Mathieu began to think about Sarah.
‘What are you thinking about, Ivich?’ he asked.
She sat for a moment with her mouth open, disconcerted, then she resumed her meditative air and her face again became impenetrable. Mathieu found himself tired of looking at her, the corners of his eyes began to smart.
‘What are you thinking about?’ he repeated.
‘I...’ Ivich shook herself. ‘You’re always asking me that. Nothing definite. Things that can’t be expressed, there are no words for them.’
‘Still — what?’
‘Well, I was looking at that fellow coming towards us, for instance. What do you want me to say? I should have to say: “He’s fat,
he’s wiping his forehead with a handkerchief, he’s wearing a made-up tie” — it’s funny you should force me to tell you all this,’ she said, in sudden disgust and indignation, ‘it isn’t worth saying.’
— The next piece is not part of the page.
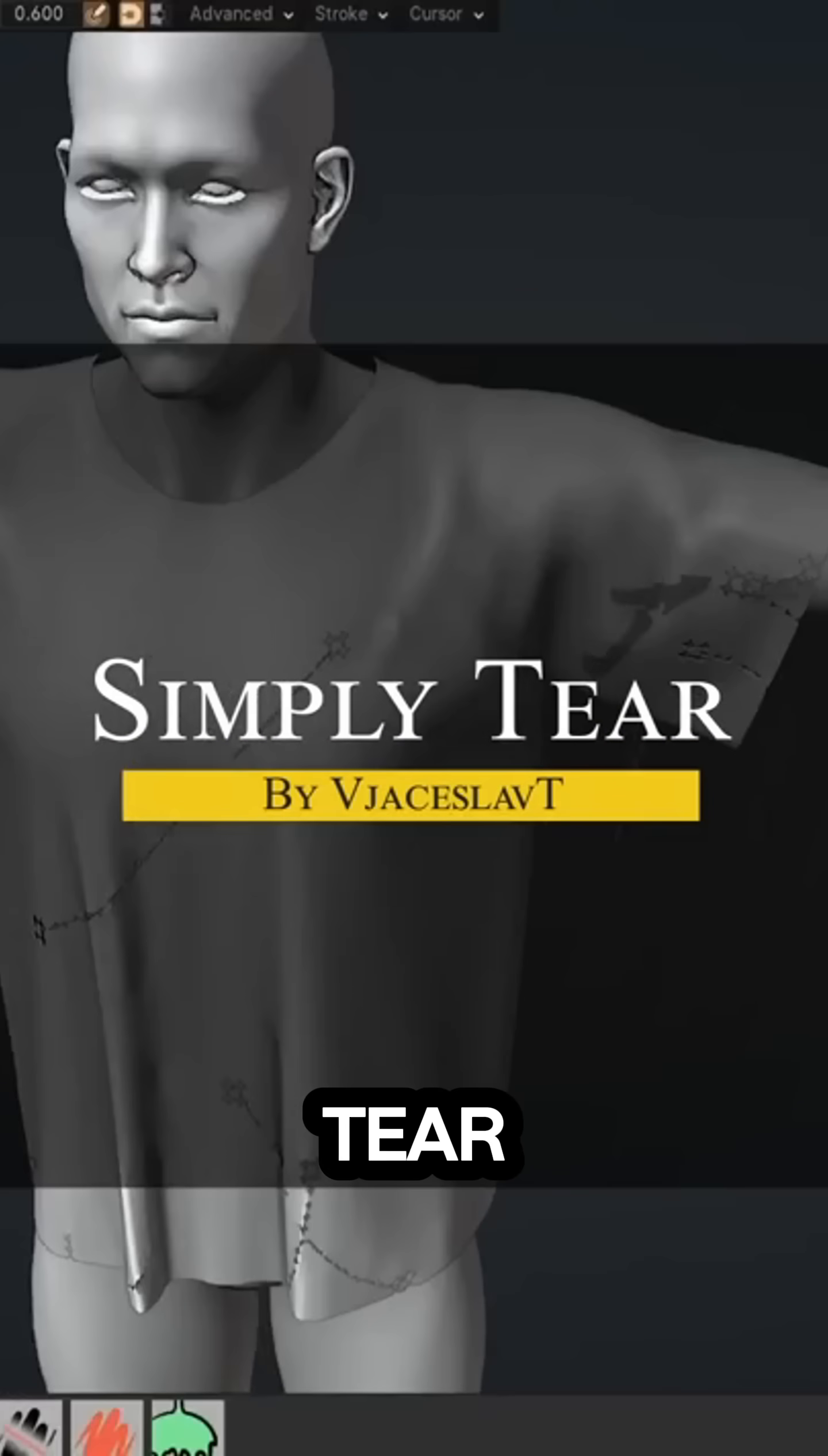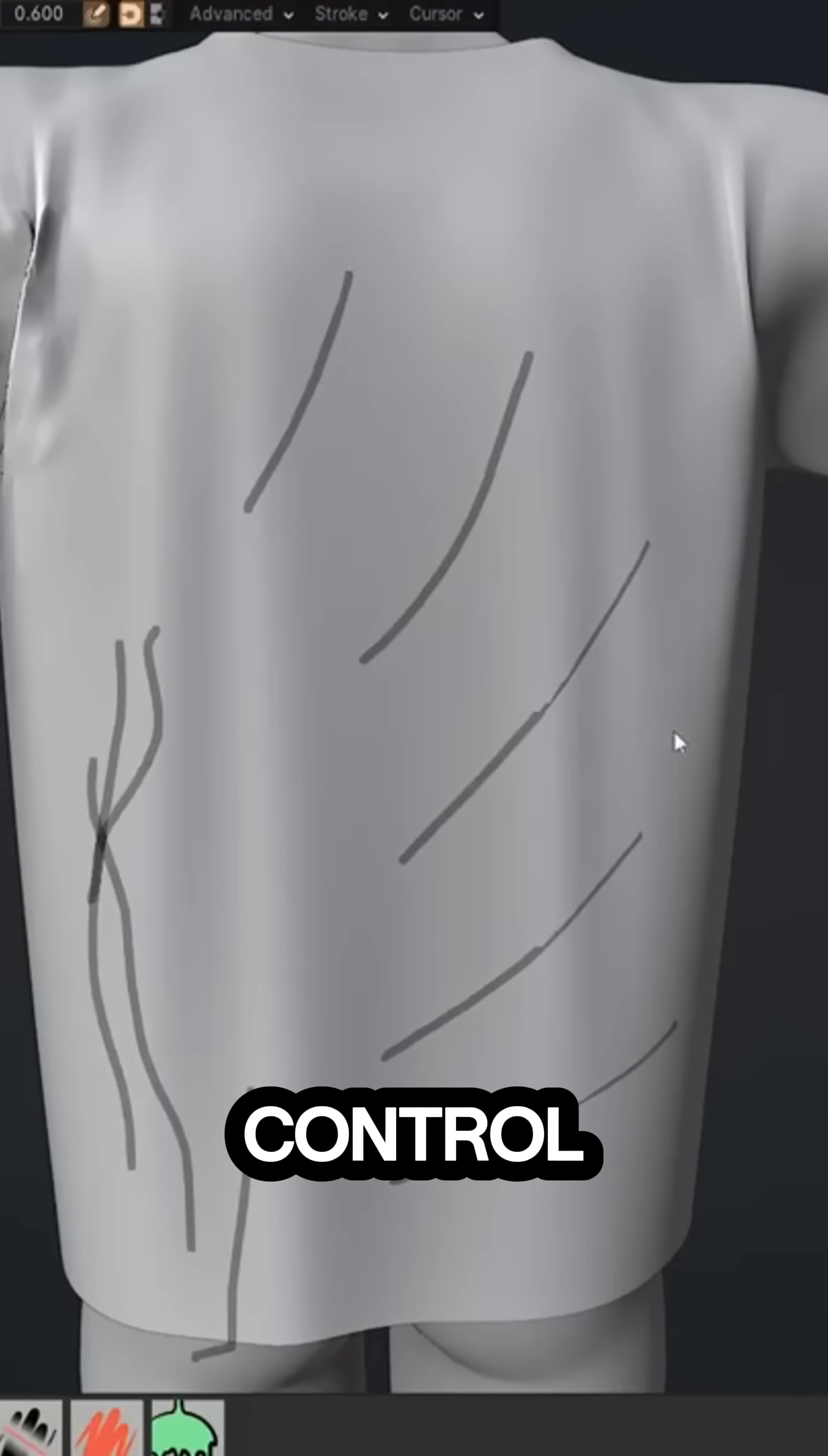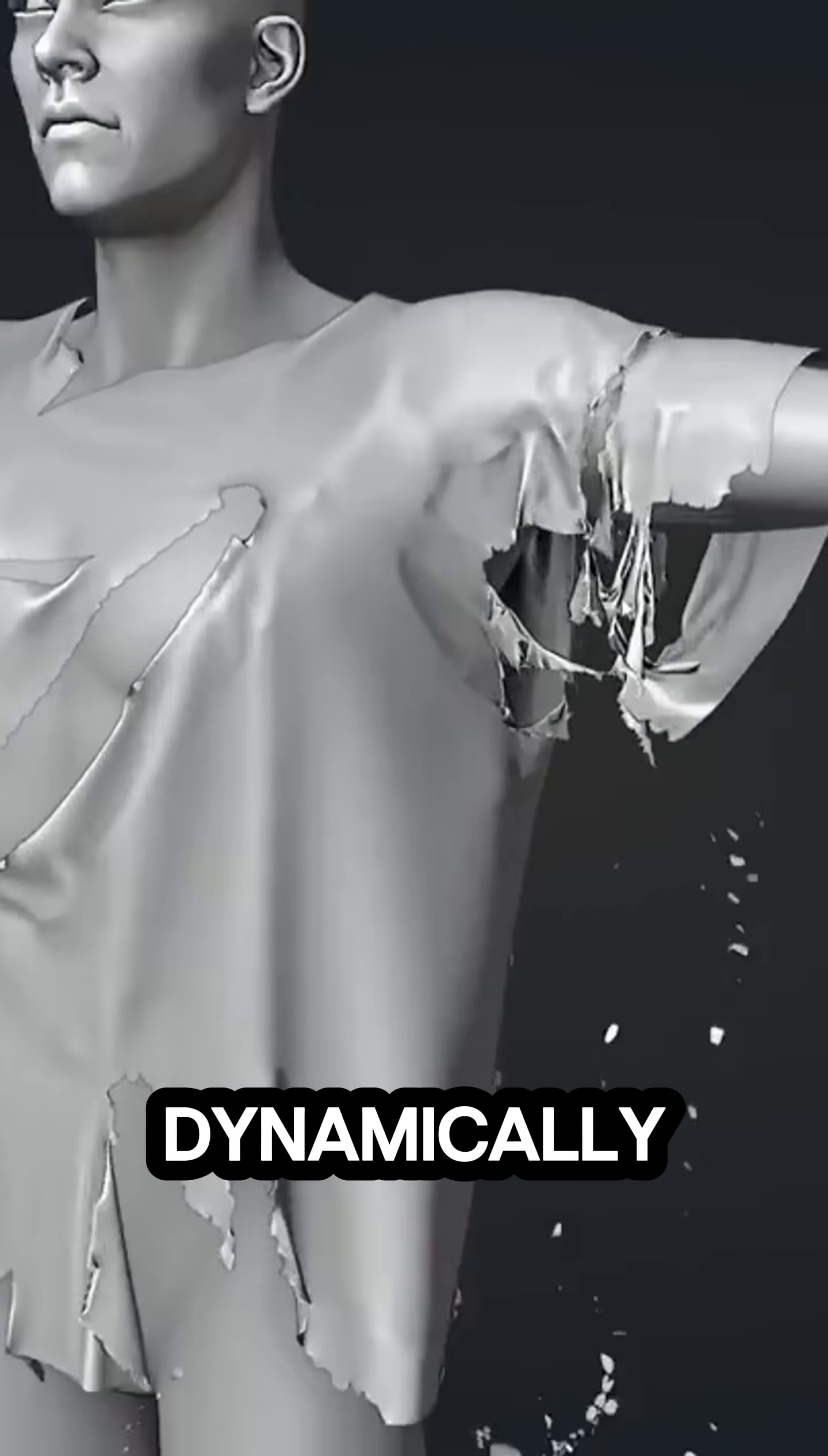Next up we have Simply Tear from the developers of Simply Cloth. This one actually lets you tear cloth in Blender and you can do that fast with a lot of control. It works with cloth simulation, so once you've drawn your tear lines and hit play, you actually get to see the mesh rip apart dynamically in the animation.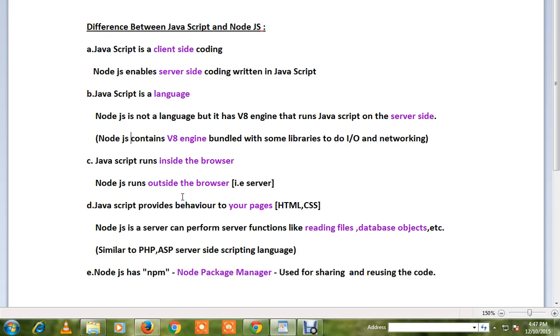Node.js has NPM, Node Package Manager, where you can share and reuse your code. For example, if I have code for parsing JSON that's already well-tested, I can reuse that module in my new project.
‘Yes it is — for me. If I could be granted a wish, it would be that you should be compelled to think aloud.’
Ivich smiled involuntarily.
‘That’s morbid,’ she said. ‘Words aren’t meant for that.’
‘It’s fantastic, you’ve got a savage’s respect for words: you apparently believe that they were made simply for announcing deaths and marriages, and saying Mass. Besides, you don’t look at people, Ivich, I’ve been watching you. You looked at your hand and then you looked at your foot. Anyway, I know what you’re thinking.’
‘Then why ask? You don’t need to be very clever to guess: I was thinking of the examination.’
‘You’re afraid of being ploughed, is that it?’
‘Of course I’m afraid of being ploughed. Or rather — no, I’m not afraid I know I’m ploughed.’
Mathieu again sensed the savour of catastrophe in his mouth: ‘If she is ploughed, I shan’t see her again.’ She would certainly be ploughed: that was plain enough.
‘I won’t go back to Laon,’ said Ivich desperately. ‘If I go back to Laon after having been ploughed, I’ll never get away again. They told me it was my last chance.’
She fell to tugging at her hair again.
‘If I had the courage —’ she faltered.
‘What would you do?’ asked Mathieu anxiously.
‘Anything and everything rather than go back to that place, I won’t spend my life there. I just won’t!’